Clan Shukria

Les Shukria sont un clan arabe vivant dans l'est du Soudan. Ils ont probablement vécu initialement autour de Merowe[1] mais au cours des derniers siècles se sont installés dans la région du Butana entre la rivière Atbara et le Nil Bleu. Les villes où vivent les Shukria sont Halfa Aljadeeda, Kassala, Alfao, Khashm El Girba et Tamboul. Les Shukria sont musulmans sunnites qui parlent un dialecte arabe appelé « Shukriyya ».

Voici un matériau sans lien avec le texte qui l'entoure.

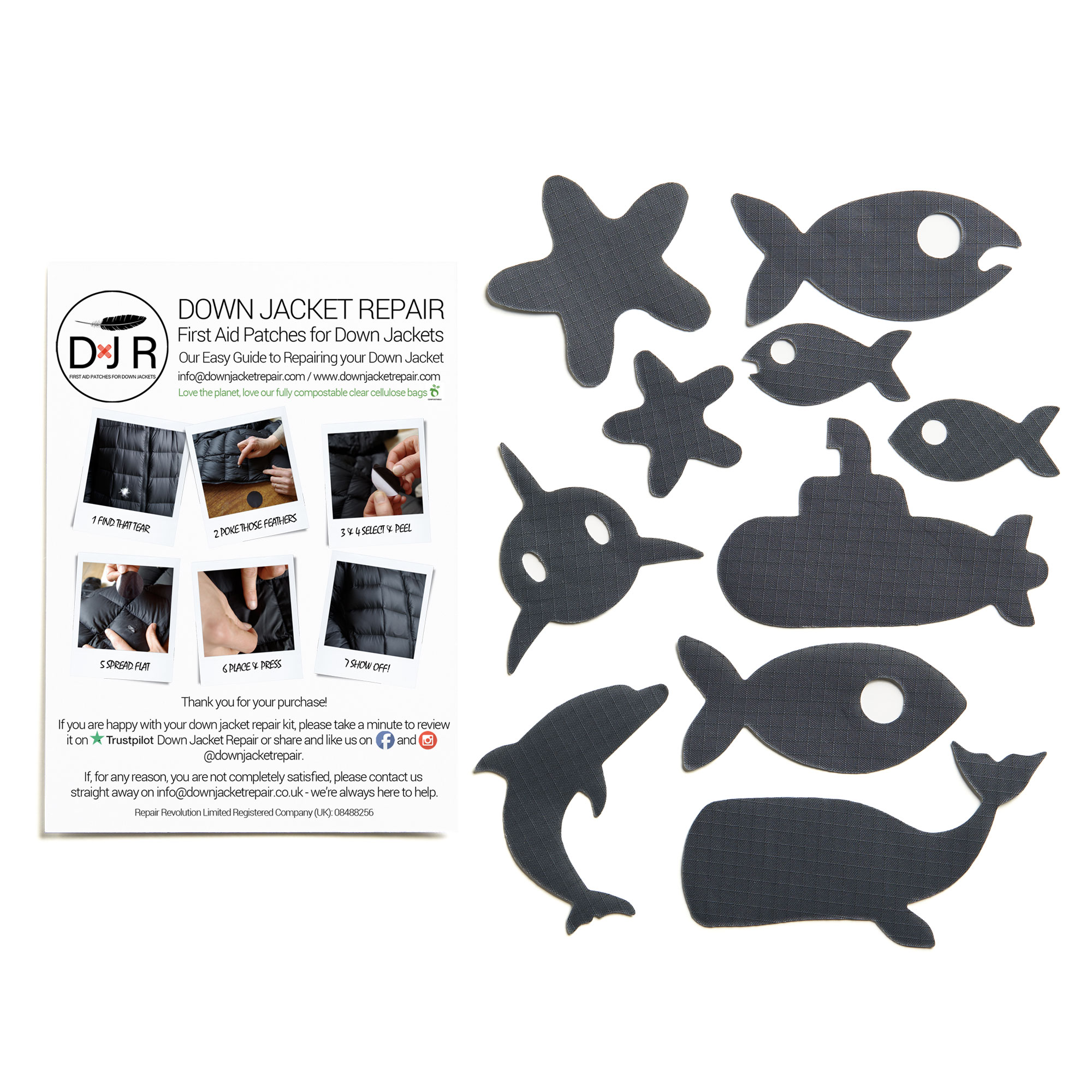 Down Jacket Repair Patches - Sea - Dark Gray - Image 2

Ascendance[modifier | modifier le code]

Le clan prétend descendre de la tribu Quraych et leur ancêtre serait Abdullah Aljawad bin Jaafar Altayar. Des indices les lient à la tribu arabe de Yashkur, une branche de Qays ʿAylān[2]. Les Shukria revendiquent leur origine d'un personnage du début du XVIIe siècle appelé Tuaym[3] ou de son fils Sha'a el Din walad Tuaym[2],[4]. Le nom de famille de la branche principale du clan est « Abu Sin », du nom d'« Awad el Kerim Abu Sin » (Père des Dents), se référant à ses grandes dents proéminentes. La ville de Gedaref, au centre du pays des Shukria, était autrefois connue sous le nom de Suk Abu Sin[5].

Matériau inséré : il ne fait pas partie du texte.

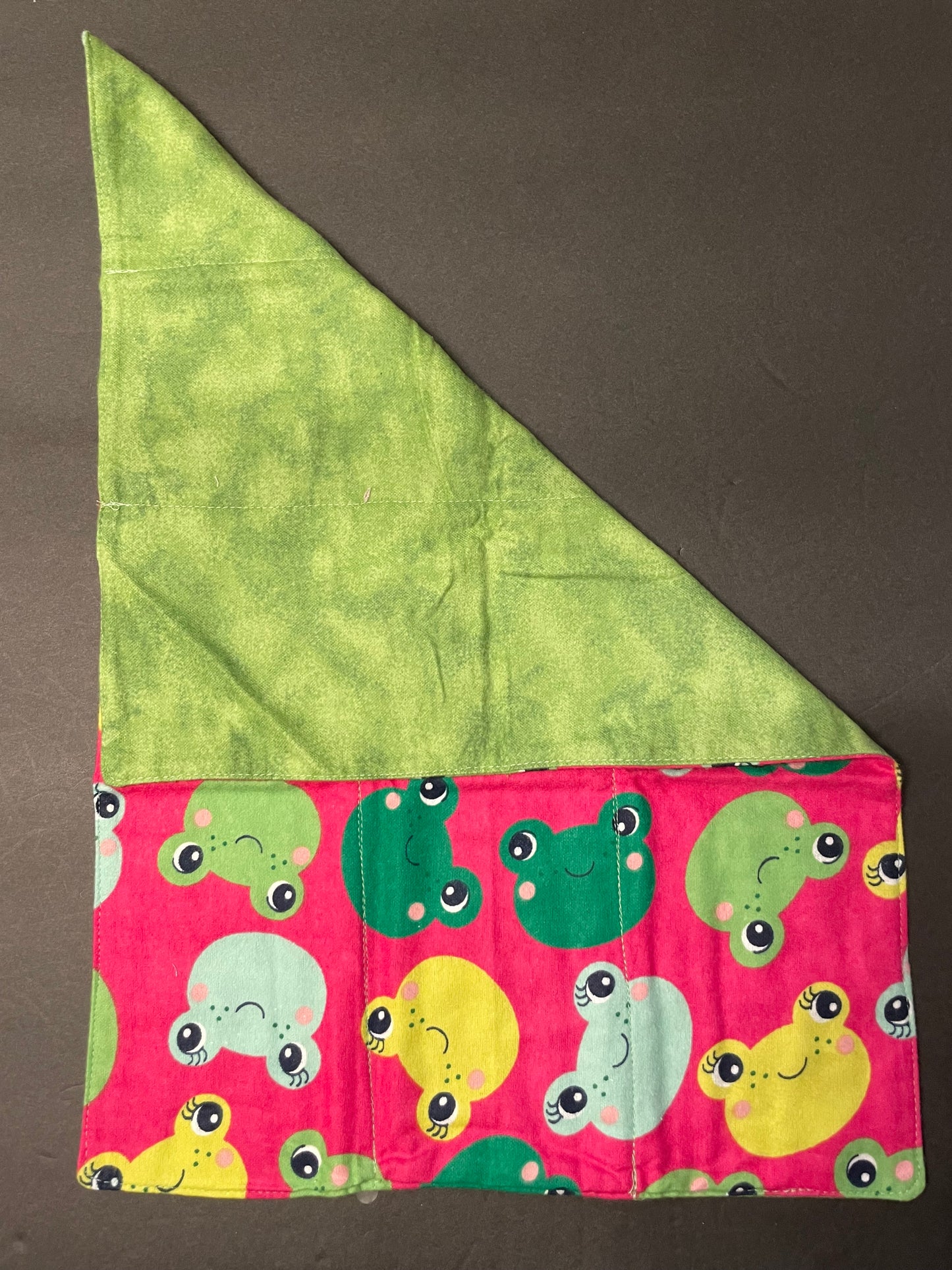 Pink and Green Frog Baby Burp Rag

Les principales branches du clan Shukriya sont les Nailab (dont les Abu Sin, descendants de Nail, fils de Sha'a el Din) ; le Nurab (descendant de Nur, frère de Sha'a el Din) ; le Galahib (descendant de Gilhayb, l'arrière-grand-père de Sha'a el Din) ; les Kadurab, Adlanab, Hasanab, (descendants d'Awad el Kerim mais séparés des Abu Sin) et divers clans ne descendant pas de Sha'a el Din , les Aishab, Shadarna, Mihaydat, Ritamat, Ofasa, Nizawin et Noaima[2].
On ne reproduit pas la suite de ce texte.